> **PROVIDED INFORMATION**:
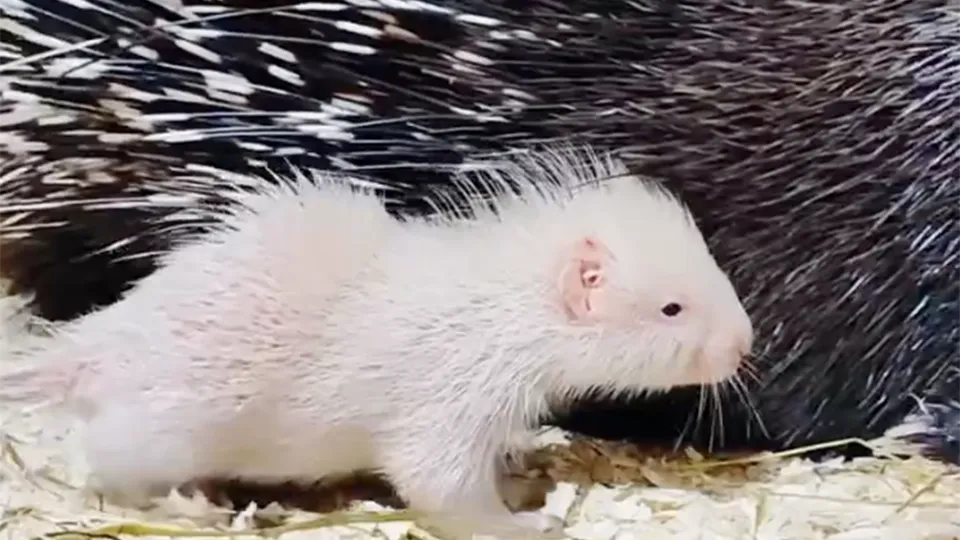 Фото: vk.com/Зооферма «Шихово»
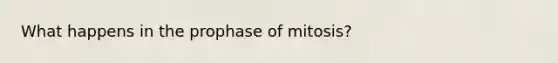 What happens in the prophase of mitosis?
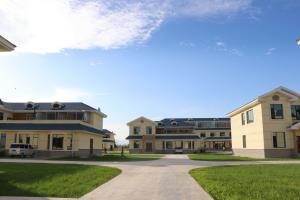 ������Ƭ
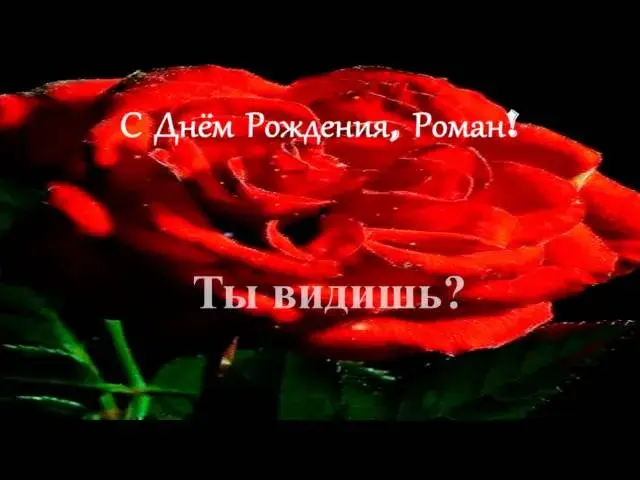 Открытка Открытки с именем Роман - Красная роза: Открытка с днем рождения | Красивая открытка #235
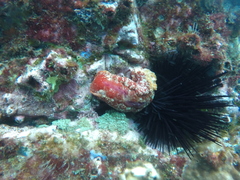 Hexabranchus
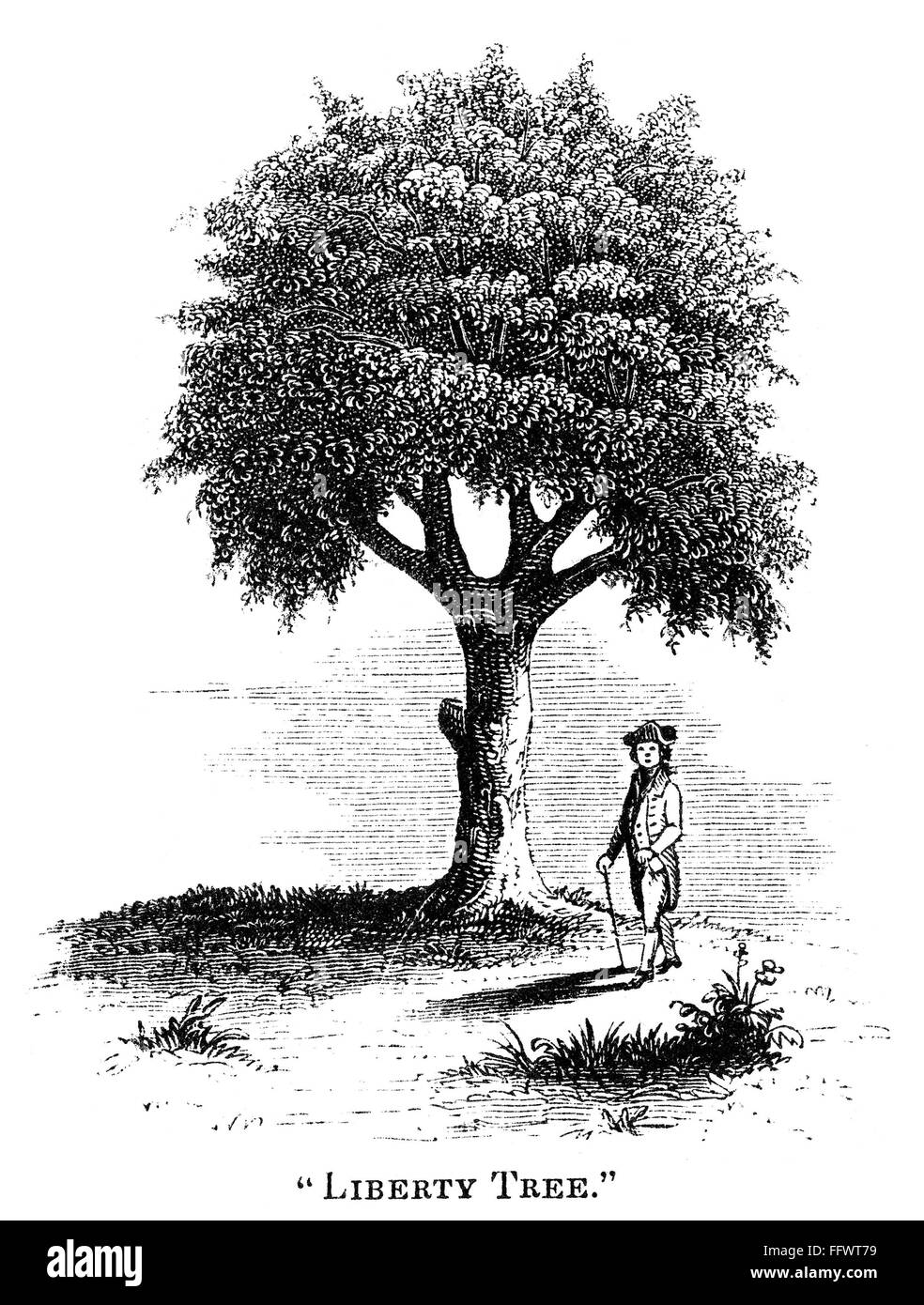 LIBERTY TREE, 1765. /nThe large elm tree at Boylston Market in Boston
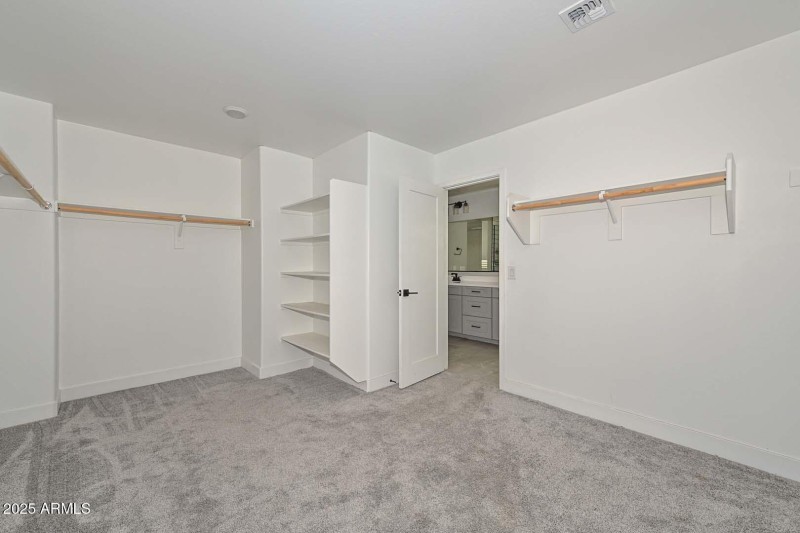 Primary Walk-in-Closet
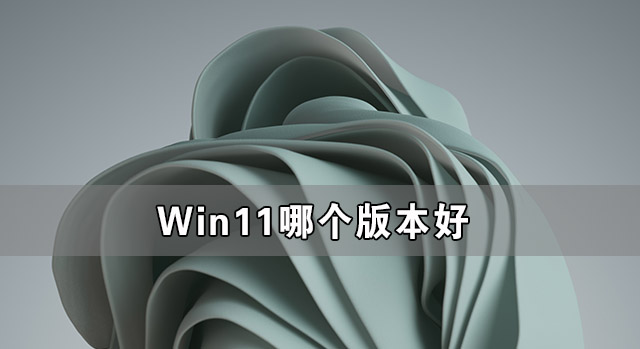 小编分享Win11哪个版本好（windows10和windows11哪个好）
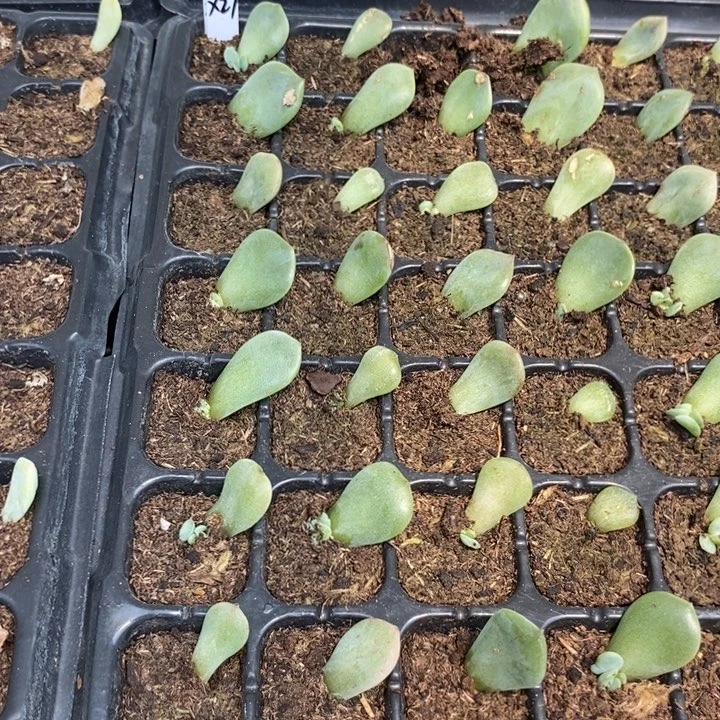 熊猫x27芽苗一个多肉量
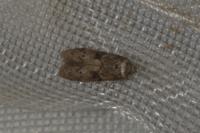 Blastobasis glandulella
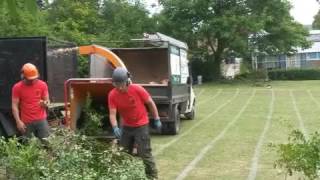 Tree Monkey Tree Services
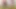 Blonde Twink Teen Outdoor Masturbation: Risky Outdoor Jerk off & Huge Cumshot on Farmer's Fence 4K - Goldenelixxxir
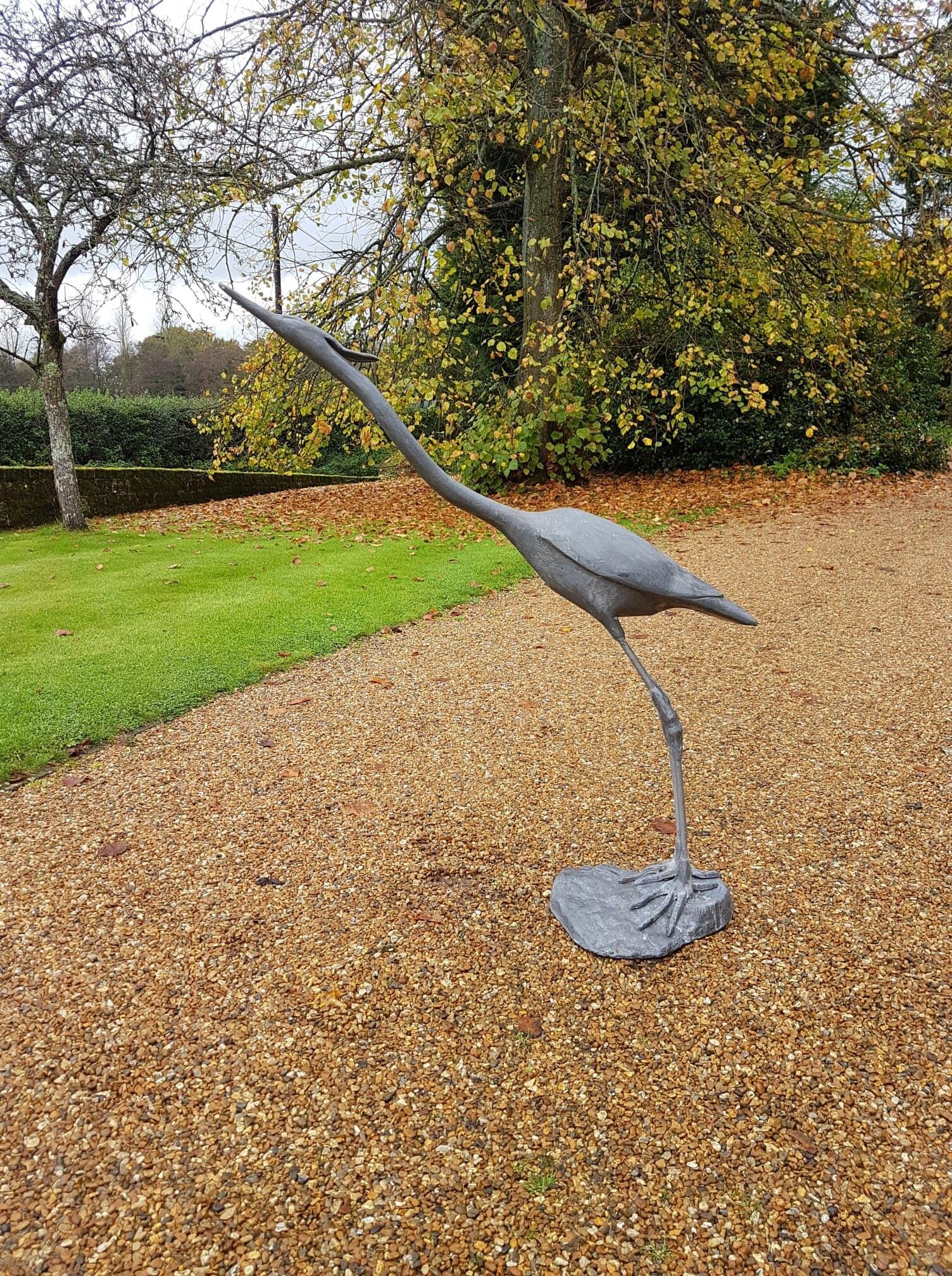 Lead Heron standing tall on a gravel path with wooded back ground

> **WHAT YOU WILL DO**: Where a picture appears, skip it; repeat everything else in the data exactly.

> **COMPLETED EXERCISE**:
 Фото: vk.com/Зооферма «Шихово»
 What happens in the prophase of mitosis?
 ������Ƭ
 Открытка Открытки с именем Роман - Красная роза: Открытка с днем рождения | Красивая открытка #235
 Hexabranchus
 LIBERTY TREE, 1765. /nThe large elm tree at Boylston Market in Boston
 Primary Walk-in-Closet
 小编分享Win11哪个版本好（windows10和windows11哪个好）
 熊猫x27芽苗一个多肉量
 Blastobasis glandulella
 Tree Monkey Tree Services
 Blonde Twink Teen Outdoor Masturbation: Risky Outdoor Jerk off & Huge Cumshot on Farmer's Fence 4K - Goldenelixxxir
 Lead Heron standing tall on a gravel path with wooded back ground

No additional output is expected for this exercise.